Is that a sensible way to protect this critical code? If not, how to protect this critical code?

Ans:

No, because there is a deadlock problem

We have two ways to protect this critical code,

Method 1

/* code segment 1 */
lock(m1);
…  /* code protected by m1 */
lock(m2);
…  /* code protected by m2 */
unlock(m1);
unlock(m2)

/* code segment 2 */
lock(m1);
…  /* code protected by m2 */
lock(m2);
…  /* code protected by m1 */
unlock(m1);
unlock(m2)

Method 2

/* code segment 1 */
lock(m1);
…  /* code protected by m1 */
unlock(m1);
lock(m2);
…  /* code protected by m2 */
unlock(m2)

/* code segment 2 */
lock(m1);
…  /* code protected by m1 */
unlock(m1);
lock(m2);
…  /* code protected by m2 */
unlock(m2)

Example 3-5. A shared calendar supports three types of operations for reservations:

read
cancel
update

Requests for cancellations should have priority above reads, who in turn have priority over new updates. In pseudocode, write the critical section enter/exit code for the read operation.

Ans:

cs_enter_read {
    mutex_lock(m);
    read_waiting++;
    while (read>0 || cancel>0 || update>0 || cancel_waiting>0)
        wait(read_cv, m);
    read++;
    read_waiting--;
    mutex_unlock(m);
}
cs_exit_read {
    mutex_lock(m);
    read--;
    if (cancel_waiting>0) signal(cancle_cv);
    else if (read_waiting>0) signal(read_cv);
    else if (update_waiting>0) signal(update_cv);
    mutex_unlock(m);
}

4. Boss-worker Model and Pipeline Model

Example 4-1. An image web server has three stages with average execution times as follows:

Stage 1: read and parse request (10ms)
Stage 2: read and process image (30ms)
Stage 3: send the image (20ms)

Suppose we can create a maximum of 6 threads. You have been asked to build a multi-threaded implementation of this server using the pipeline model. Using a pipeline model, answer the following questions:

a. How many threads will you allocate to each pipeline stage to create a balanced pipeline?

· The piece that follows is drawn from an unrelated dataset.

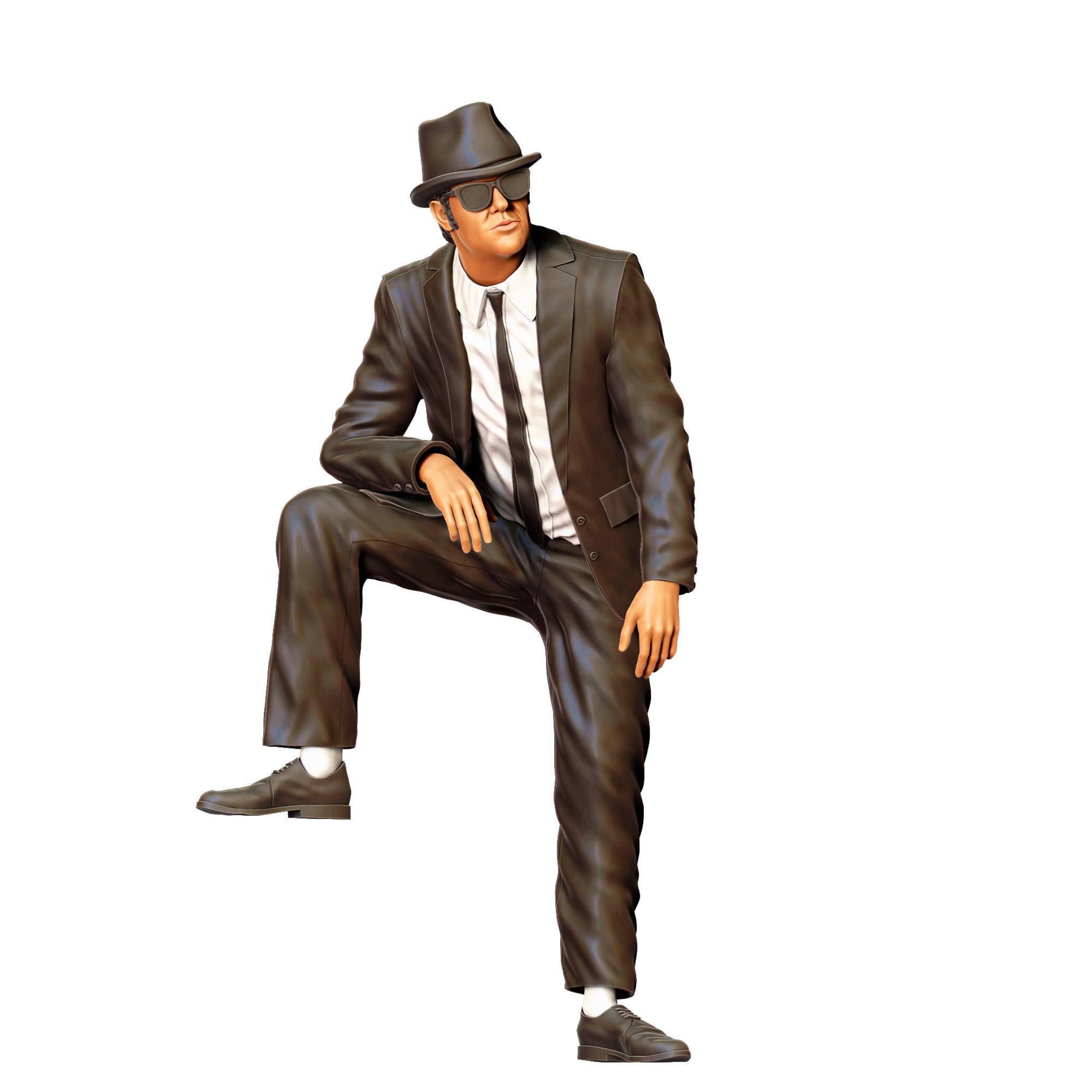 N2 The Blues Brothers Elwood Blues  30 percent Discount 3D print model_1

b. What is the expected execution time for 100 requests (in sec)?

c. What is the average throughput of the system in Question 2 (in req/sec)? Assume there are infinite processing resources (CPU’s, memory, etc.).

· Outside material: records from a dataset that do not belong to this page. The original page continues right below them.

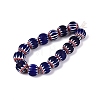 Handmade Millefiori Glass Round Beads LS-LA-N002-12B-2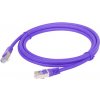 síťový kabel Gembird PP6A-LSZHCU-V-5M patch, S/FTP Cat. 6A LSZH, 5m, fialový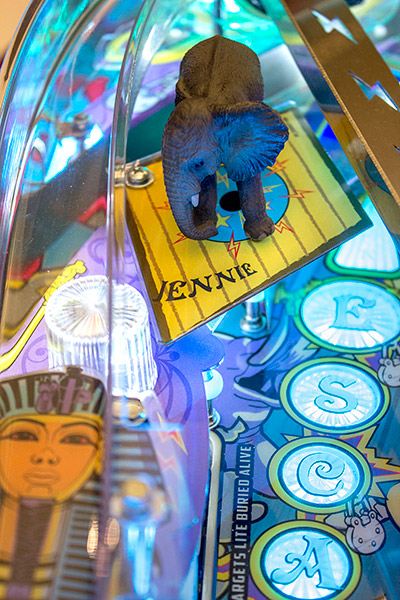 The Houdini playfield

d. Suppose we have a non-balanced pipeline model with 2 threads assigned to all three stages. What is the expected execution time for 100 requests (in sec)?

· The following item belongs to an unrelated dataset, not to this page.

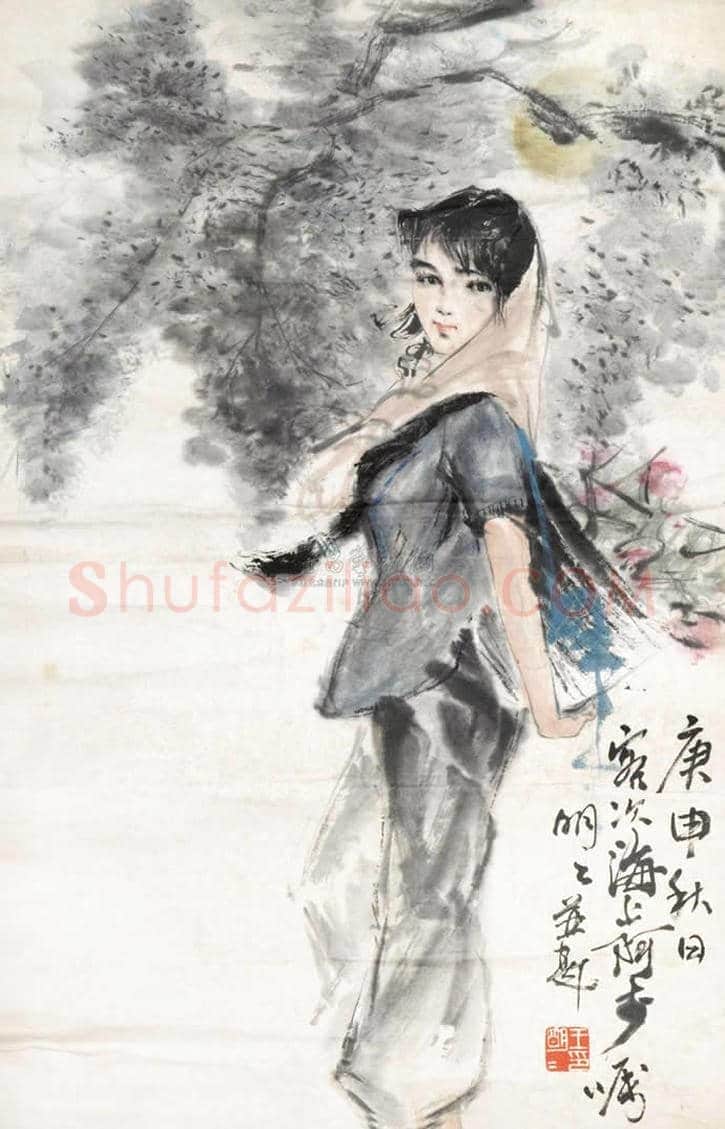 王明明人物画之时装人物少女篇 | 书画百科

e. Which performs better, a balanced pipeline or a non-balanced pipeline?

Ans:

// a. 
stage 1 (10ms) = 1 thread
stage 2 (30ms) = 3 threads
stage 3 (20ms) = 2 threads

// b.
exe_time_1 = (10+30+20) + (100-1)*10 = 1050 ms = 1.05 s

// c. 
throughput = # of reqs/exe_time = 100/1.05 = 95.24 req/s

// d. 
It is eqvilent to the situation that we have 2 same pipelines, and each of them has a longest stage time of 30ms.
exe_time_2 = (10+30+20) + (100/2-1)*30 = 1530 ms = 1.53 s

// e.
It depends on our metrics. With the execution time, we can conclude that the balanced pipeline has a better performance.

Example 4-2. Suppose we have a boss-worker model and a pipeline model, and we assign 11 tasks and 6 working threads for each model. A worker in the boss-worker model takes 120ms to complete a task, while each stage in the pipeline mode takes 20ms.

Answer the following questions.

For the boss-worker model,

a1. The execution time is __________ ms.

b1. The throughput is __________ req/sec.

c1. The average execution time is ____________ ms.

d1. The average completion time is __________ ms.

For the pipeline model,

a2. The execution time is __________ ms.

b2. The throughput is __________ req/sec.

c2. The average execution time is ____________ ms.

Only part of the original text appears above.